A bipartisan consensus has emerged in Congress and state legislatures on the need to focus on finding ways to reduce the over 2 million people in our prisons and jails and make our communities safer.
With 18 to 24-year-olds making up roughly one in five people incarcerated in America’s prison and jails — about half of whom are people of color — reducing the number of these young adults locked up is a necessary step towards enhancing public safety.
Young adults are overrepresented in our prisons and jail. Victims of serious violent crime are also disproportionately young, people of color, and lower income, underlining that the communities most impactedby crime and incarceration are often the same. In a report released last week at a convening with public safety leaders, the Justice Policy Institute (JPI) surveyed four dozen justice system stakeholders across the country on what they thought needed to happen to improve how we serve young adults.
The public safety stakeholders we heard from said we should refocus our efforts towards community-based approaches that meet the needs of young adults, largely outside the justice system.
The stakeholders we convened said we should fashion an approach to young adults that is community-based, developmentally appropriate, individually tailored, and affords more confidentiality around criminal records — all policy approaches that reflect the best practices seen in the juvenile justice system, where youth confinement and youth crime rates have both fallen dramatically.

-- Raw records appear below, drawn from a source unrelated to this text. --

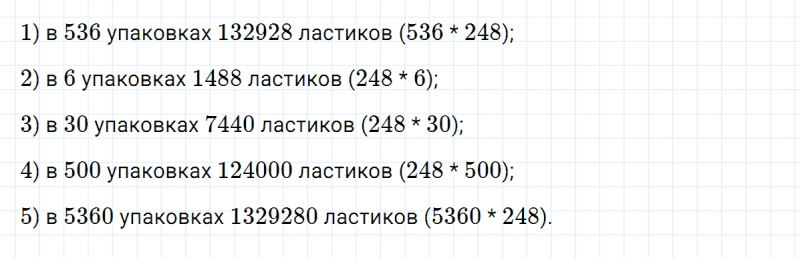 ГДЗ по математике 3 класс Петерсон задание 2 урок 13 часть 3
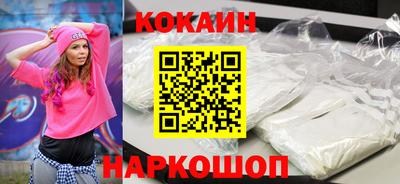 ALPHA PVP Балаково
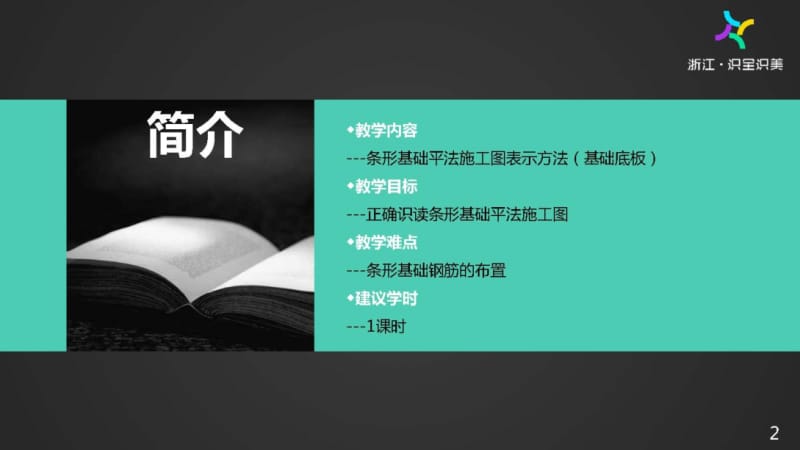 施工图识读——单元2.1.5基础平法制图规则-3条形基础.pptx_第2页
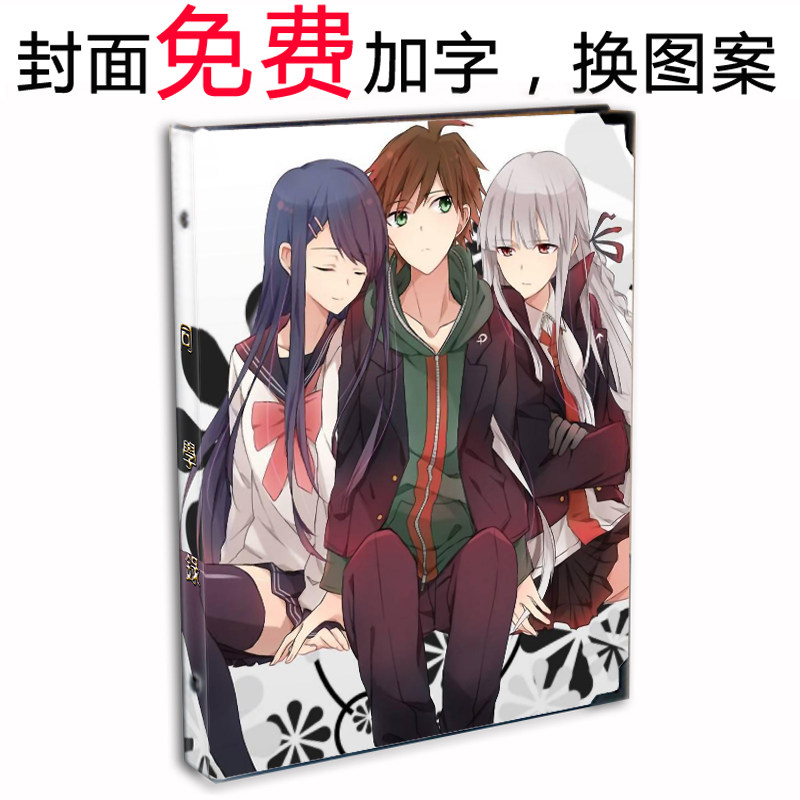 弹丸论破同学录 动漫弹丸轮舞 黑白熊雾切响子苗木诚毕业纪念册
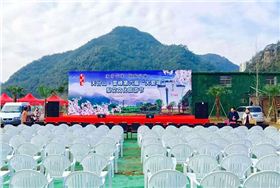 爵士龍戶(hù)外舞臺(tái)音響設(shè)備 中遠(yuǎn)程系列演出音響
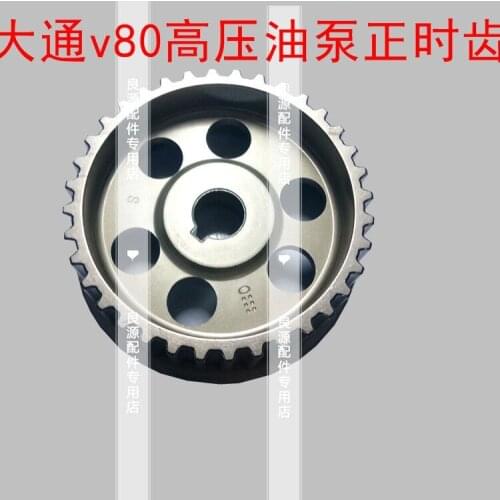 For SAIC MAXUS V80 high pressure oil pump timing belt pulley high pressure oil pump gear large pump gear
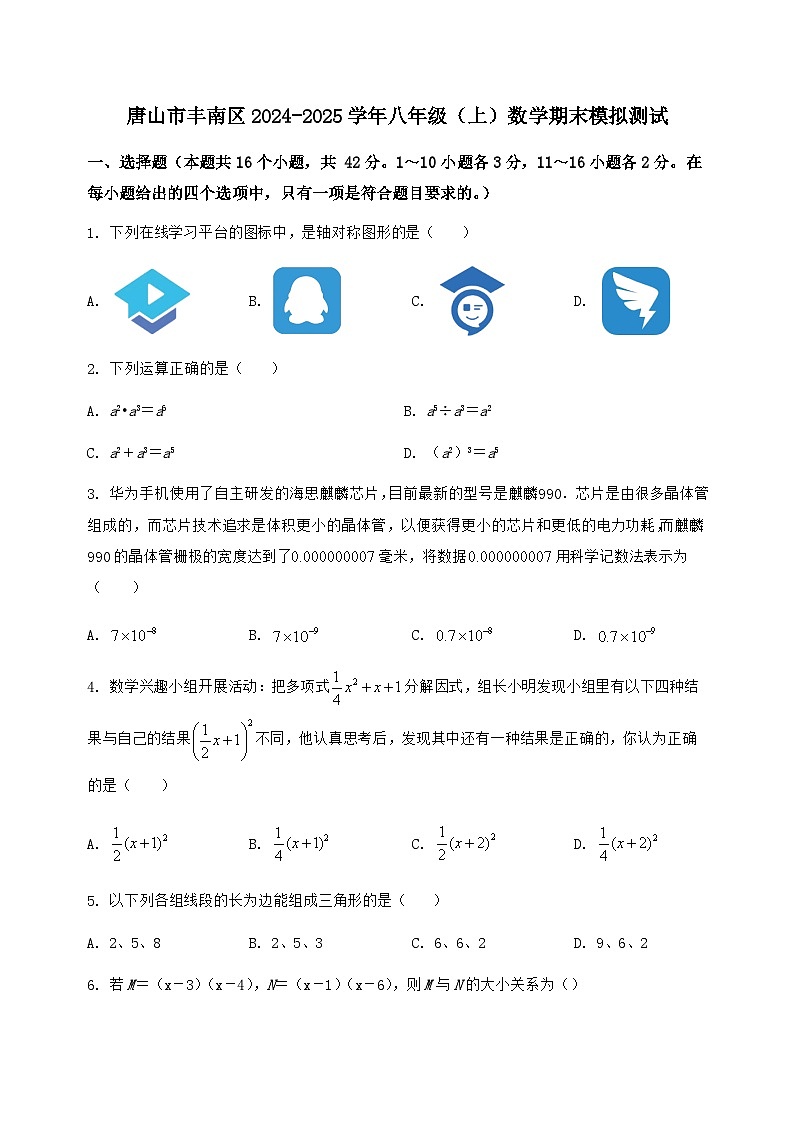 河北省唐山市丰南区2024-2025学年八年级(上)数学期末模拟测试(含答案及详解)第1页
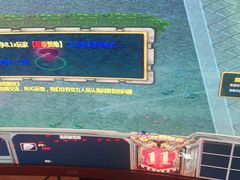 -网鱼电竞(杨浦中原店)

We heard that there was a need to ensure that young adults get the schooling, housing, job training, and health care they need to move past crime, echoing the call offered this week by the D.C-based Center for Court Excellence on what people leaving federal prisons need to succeed when they return to D.C.’s communities.
While these national and local research pieces highlight the importance of holistic, community-based approaches to improving public safety and reducing young adults justice system involvement, the Washington Post recently critiqued only one part of what we heard stakeholders want, one law (the Youth Rehabilitation Act), and its modest provisions to help young people change their behavior.
This law, and others like it give someone in their late teens and early twenties the opportunity for the kind of individually tailored sentences and confidentiality more often afforded to youth in the juvenile justice system than young adults in the criminal justice systems.
If we are going to enhance public safety and reduce prison and jail populations, we need to heed the words of D.C. Attorney General Karl Racine, and provide “the kind of information the public is owed,” showing the full picture on how to best serve young adults.
The full picture means, expanding provisions that allow a young person leaving prison some confidentiality around their record so they can get a job, get housing and successfully transition into a productive, law abiding adult.
The next president, the next Congress, and the next D.C. Council need to afford more confidentiality protections for young adults leaving prison and jail, not curb them.
The full picture means, doing a better job of addressing the needs of crime victims, and give them what they say they need when they’ve been harmed. A recent survey showed that six out of 10 crime victims preferred shorter prison sentences and more spending on prevention and rehabilitation, versus keeping people in prison for as long as possible, and better access to information and services.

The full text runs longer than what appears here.